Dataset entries
+++

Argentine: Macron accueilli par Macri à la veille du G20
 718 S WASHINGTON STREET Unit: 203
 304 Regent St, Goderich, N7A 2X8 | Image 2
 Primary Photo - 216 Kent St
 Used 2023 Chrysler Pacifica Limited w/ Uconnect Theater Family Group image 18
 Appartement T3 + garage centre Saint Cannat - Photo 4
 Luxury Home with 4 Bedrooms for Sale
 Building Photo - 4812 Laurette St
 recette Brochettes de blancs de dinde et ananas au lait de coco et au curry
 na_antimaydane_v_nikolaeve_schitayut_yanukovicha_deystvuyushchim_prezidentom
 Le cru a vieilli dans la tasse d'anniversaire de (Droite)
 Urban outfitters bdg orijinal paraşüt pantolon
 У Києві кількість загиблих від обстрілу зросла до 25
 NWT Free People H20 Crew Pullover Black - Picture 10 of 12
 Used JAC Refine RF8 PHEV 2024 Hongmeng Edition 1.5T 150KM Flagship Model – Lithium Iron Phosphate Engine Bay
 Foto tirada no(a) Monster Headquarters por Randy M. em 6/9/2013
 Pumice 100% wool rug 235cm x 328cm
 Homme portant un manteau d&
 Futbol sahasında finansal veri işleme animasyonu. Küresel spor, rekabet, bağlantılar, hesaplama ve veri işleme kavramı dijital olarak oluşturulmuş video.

+++

■ PROBLEM STATEMENT: Across the records above, show each line containing the word "Used".

■ EXERCISE RESPONSE:
 Used 2023 Chrysler Pacifica Limited w/ Uconnect Theater Family Group image 18
 Used JAC Refine RF8 PHEV 2024 Hongmeng Edition 1.5T 150KM Flagship Model – Lithium Iron Phosphate Engine Bay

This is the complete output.